■ To do ■
Where the data below contains pictures, omit them; output the rest word for word.

■ Supplied material ■
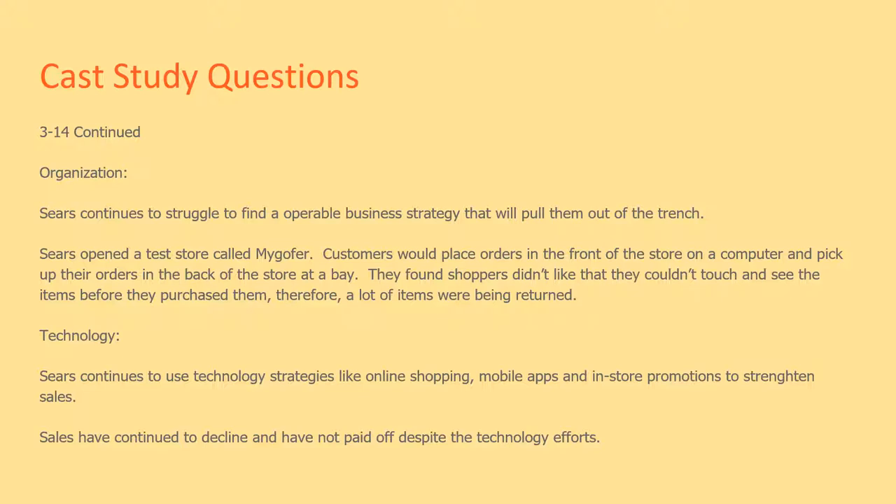Sears opened a test store called My Golfer, where customers would place orders in the front of the store on a computer and pick up their orders in the back of the store at the bay. They found shoppers didn't like that they couldn't touch and see the items before they purchased them, and therefore a lot of items were being returned.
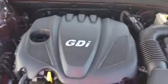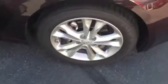It has a 2.4 engine with GDI — gasoline direct injection — and alloy rims.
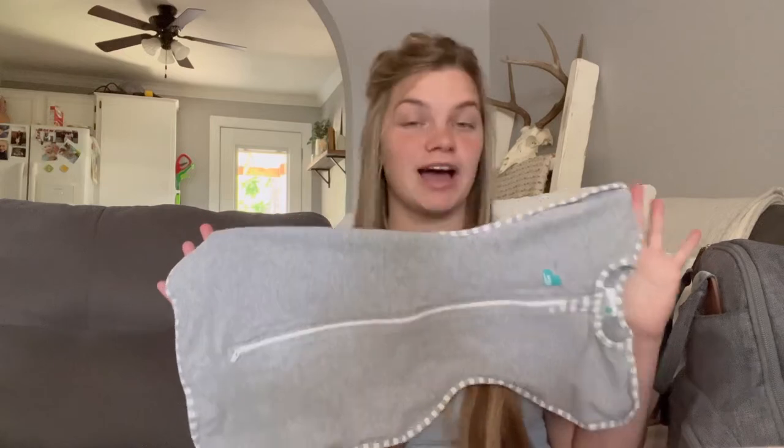He stopped wearing the swaddle at night after he got sick because he started sleeping on his belly. I know that's a taboo topic and I get nervous talking about how I parent, but I did talk to my doctor. She said since he was sleeping right next to me in a bassinet beside my bed and I wake at the lightest sound, she was comfortable with it. When he was sick it was easier for him to breathe on his belly in case he spit up. He's never gone back to the swaddle, which is why it's in the zero to three month category for us.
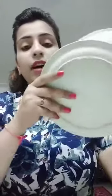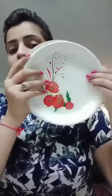Ab mein aapko show karungi 7 plates. 1, 2, 3, 4, 5, 6 and the last one is 7. Ye kitni plates hain? 7 plates. How many plates? 7 plates.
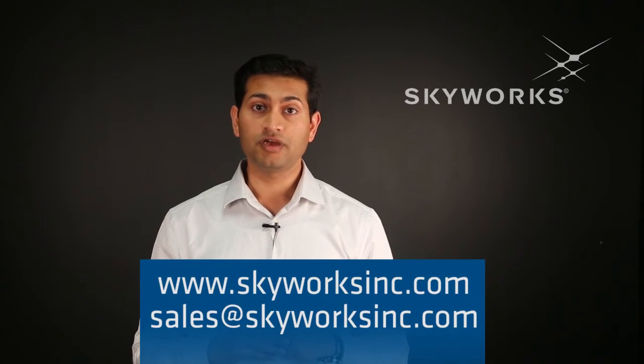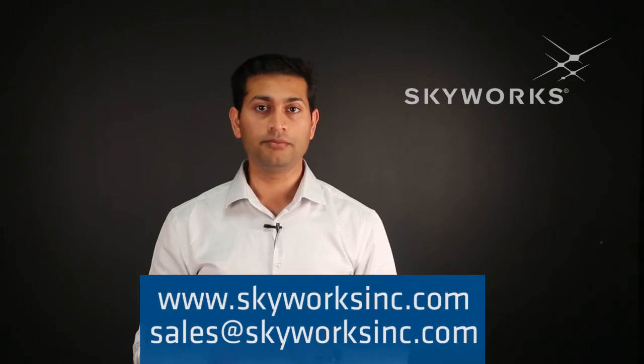The datasheet is now available on www.skyworksinc.com. Thank you.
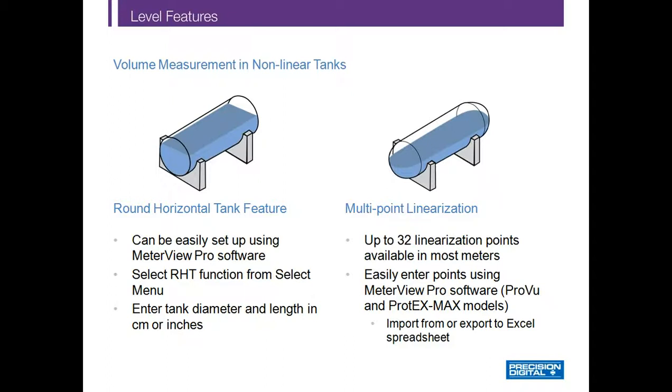For round horizontal tanks with flat ends, the ProView process meter only requires the user to input the tank's height and diameter in either inches or centimeters, and the meter will calculate its volume. Multipoint linearization is available on most Precision Digital level indicators and controllers — if the tank has something other than flat ends, the user can input up to 32 calibration points to linearize the tank. These sophisticated features can be completely programmed through our free MeterView Pro software, available as a free download online.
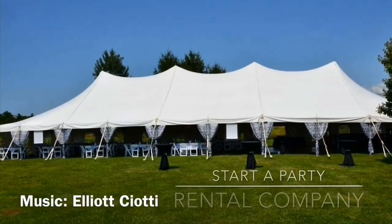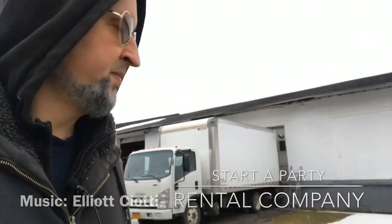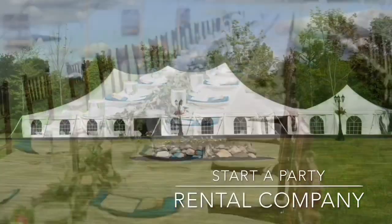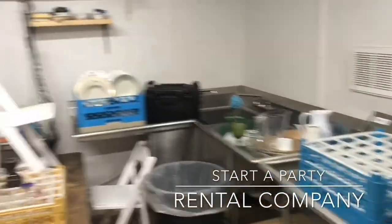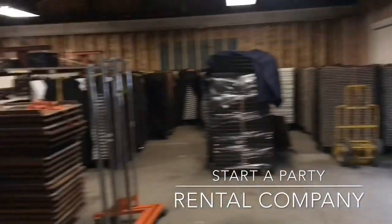The day I graduated college in 2005, I decided to start a rental company. It took a few years until it became successful enough to be my full-time job, but now it's all I do. My hope is to help you by sharing my knowledge.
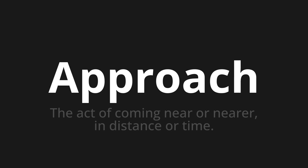Let's say it all together: Approach. Approach. Approach.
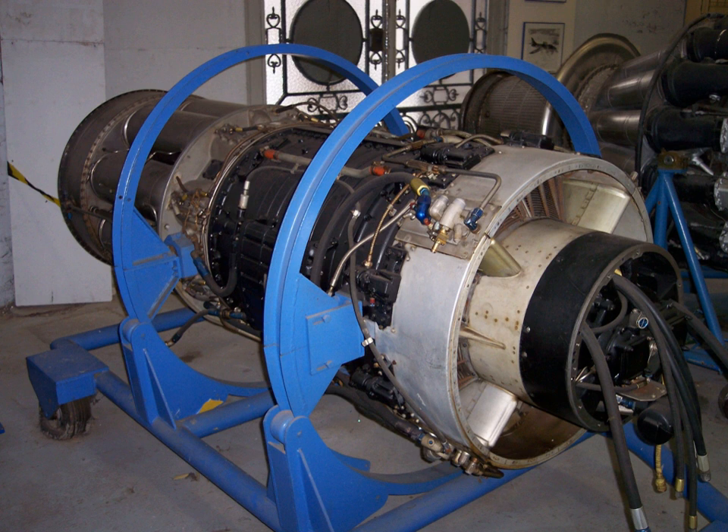See also: United States military aero engine designations. Related development: General Electric J35, General Electric J73. Comparable engines: Armstrong Siddeley Sapphire, Rolls-Royce Avon, Avro Canada Orenda. Related lists: List of aircraft engines.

■ Final answer ■
Sears opened a test store called My Golfer, where customers would place orders in the front of the store on a computer and pick up their orders in the back of the store at the bay. They found shoppers didn't like that they couldn't touch and see the items before they purchased them, and therefore a lot of items were being returned.
It has a 2.4 engine with GDI — gasoline direct injection — and alloy rims.
He stopped wearing the swaddle at night after he got sick because he started sleeping on his belly. I know that's a taboo topic and I get nervous talking about how I parent, but I did talk to my doctor. She said since he was sleeping right next to me in a bassinet beside my bed and I wake at the lightest sound, she was comfortable with it. When he was sick it was easier for him to breathe on his belly in case he spit up. He's never gone back to the swaddle, which is why it's in the zero to three month category for us.
Ab mein aapko show karungi 7 plates. 1, 2, 3, 4, 5, 6 and the last one is 7. Ye kitni plates hain? 7 plates. How many plates? 7 plates.
The datasheet is now available on www.skyworksinc.com. Thank you.
For round horizontal tanks with flat ends, the ProView process meter only requires the user to input the tank's height and diameter in either inches or centimeters, and the meter will calculate its volume. Multipoint linearization is available on most Precision Digital level indicators and controllers — if the tank has something other than flat ends, the user can input up to 32 calibration points to linearize the tank. These sophisticated features can be completely programmed through our free MeterView Pro software, available as a free download online.
The day I graduated college in 2005, I decided to start a rental company. It took a few years until it became successful enough to be my full-time job, but now it's all I do. My hope is to help you by sharing my knowledge.
Let's say it all together: Approach. Approach. Approach.
See also: United States military aero engine designations. Related development: General Electric J35, General Electric J73. Comparable engines: Armstrong Siddeley Sapphire, Rolls-Royce Avon, Avro Canada Orenda. Related lists: List of aircraft engines.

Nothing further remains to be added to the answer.